The system may refresh data that nobody ends up requesting.

Common Cache Layers

In-Memory Local Cache

Fastest access, but each application instance has its own copy. Good for small reference data.

Distributed Cache

Redis or Memcached-style cache shared by many application servers. Good for cross-instance coordination.

Database Query Cache

Stores expensive query results, but invalidation can become tricky when underlying rows change.

CDN / Edge Cache

Stores public content near users. Great for static assets and cacheable pages.

The Hard Part: Cache Invalidation

Cache invalidation means removing or refreshing old data when the source of truth changes.

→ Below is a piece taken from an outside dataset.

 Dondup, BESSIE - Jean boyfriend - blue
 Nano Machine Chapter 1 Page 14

Redis describes invalidation as removing old data from the cache so the system can avoid serving outdated data and improve cache usefulness.

Common invalidation approaches include:

expire keys with TTL
delete cache keys after database writes
update cache immediately after writes
publish events that tell services to evict keys
version cache keys when data models change

A cache can make a system faster, but a stale cache can make the system confusing or incorrect.

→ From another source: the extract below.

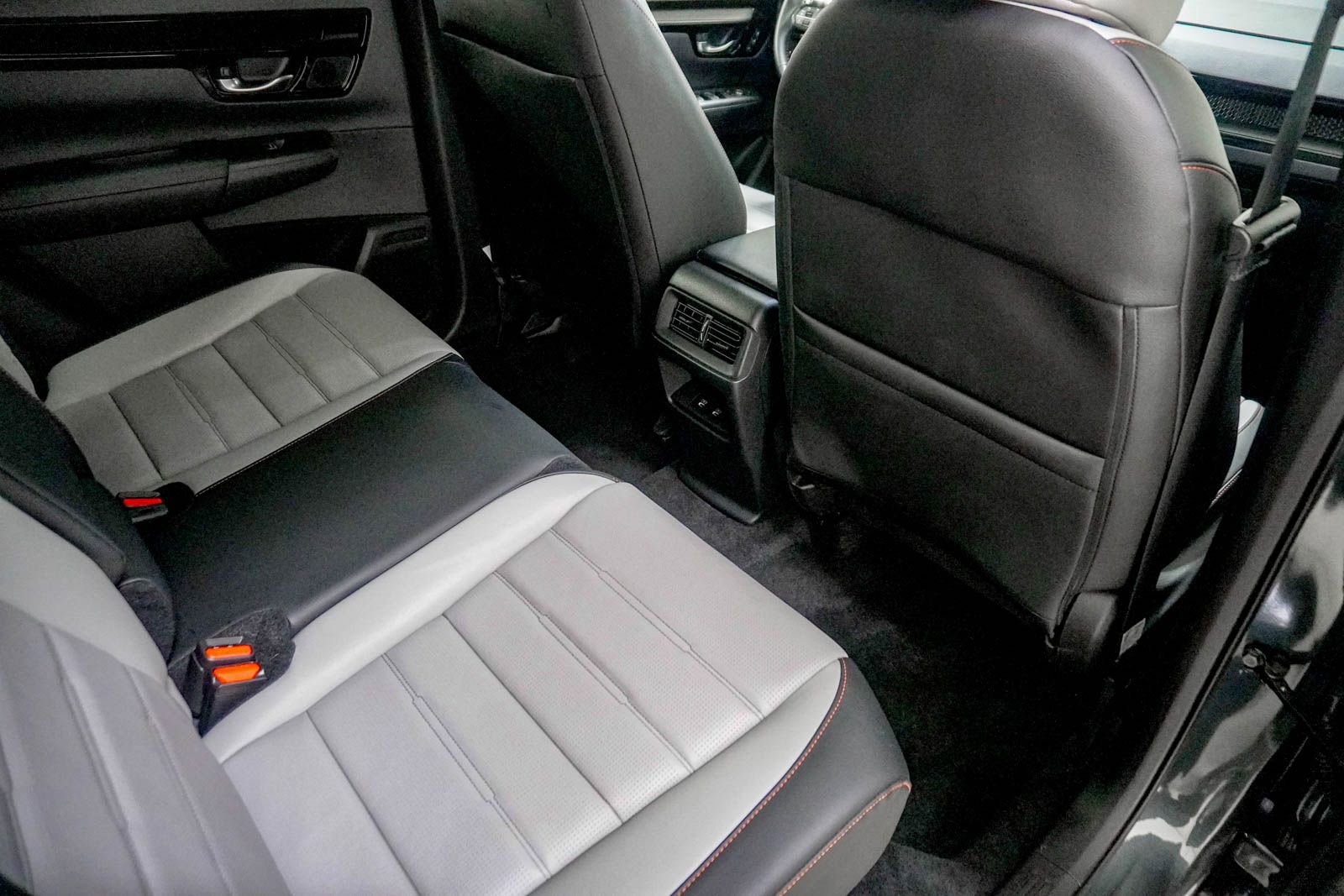 Certified 2026 Honda CR-V Sport Touring image 35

Cache Stampede / Thundering Herd

A cache stampede happens when many requests miss the cache at the same time and all hit the database or downstream service together.

text

Popular key expires
        ↓
1,000 requests miss cache
        ↓
1,000 database queries
        ↓
database spike

Common protections include:

request coalescing or single-flight loading
locks around cache rebuilds
jittered TTLs so many keys do not expire together
refresh-ahead for very hot keys
serving stale data briefly while refreshing in the background

Choosing the Right Strategy

Strategy	Problem Context	Main Risk
Cache-aside	Read-heavy data loaded on demand	First miss is slower
Write-through	Data should be fresh after writes	Slower writes
Write-behind	High write volume	Data loss risk without durable async pipeline
Write-around	Avoid caching rarely read writes	First read after write is slower
Short TTL	Fast-changing data	Brief stale reads
Refresh-ahead	Hot expensive data	Unneeded refresh work

The Interview-Friendly Explanation

Caching improves latency and reduces load, but each strategy has a consistency tradeoff. Cache-aside loads data on demand and is common for read-heavy systems. Write-through keeps cache fresher but slows writes. Write-behind improves write latency but needs durable failure handling. Write-around avoids cache pollution. TTLs and invalidation control staleness. For distributed systems, also discuss Redis, cache stampedes, stale data, and what happens if the cache fails.

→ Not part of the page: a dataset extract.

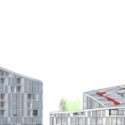 The Red Line / BIG (15) The Red Line / BIG (15) elevations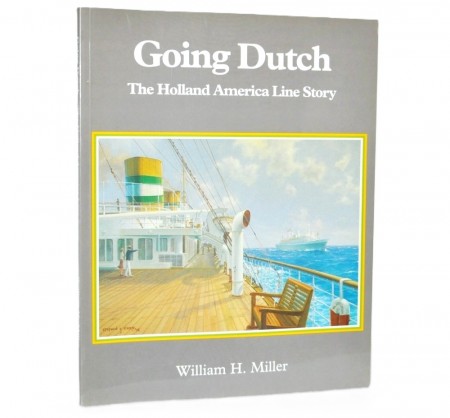 William H. Miller: Going Dutch.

Common Interview Follow-Ups

What is the most common caching strategy?

Cache-aside is one of the most common strategies. The application checks the cache first, reads from the database on a miss, stores the result in cache, and returns it.

Why is cache invalidation hard?

Because the cache is a copy of data. When the source of truth changes, every cached representation that depends on that data may need to be updated or removed.

What is a cache stampede?

A cache stampede happens when many requests miss the cache at the same time and all hit the database or downstream service together.

Should every piece of data be cached?

No. Cache data that is expensive to fetch or compute and is read often enough to justify cache memory and invalidation complexity.

What happens if Redis is down?

Usually the system should degrade gracefully. Depending on the product, it may bypass cache and hit the database, serve stale data, shed load, or return an error for noncritical features.

Final Takeaway

Caching is not one pattern. It is a set of tradeoffs. A good system design answer explains what data is being cached, why it is safe to cache, how it is invalidated, how stale it can be, and what happens when the cache fails.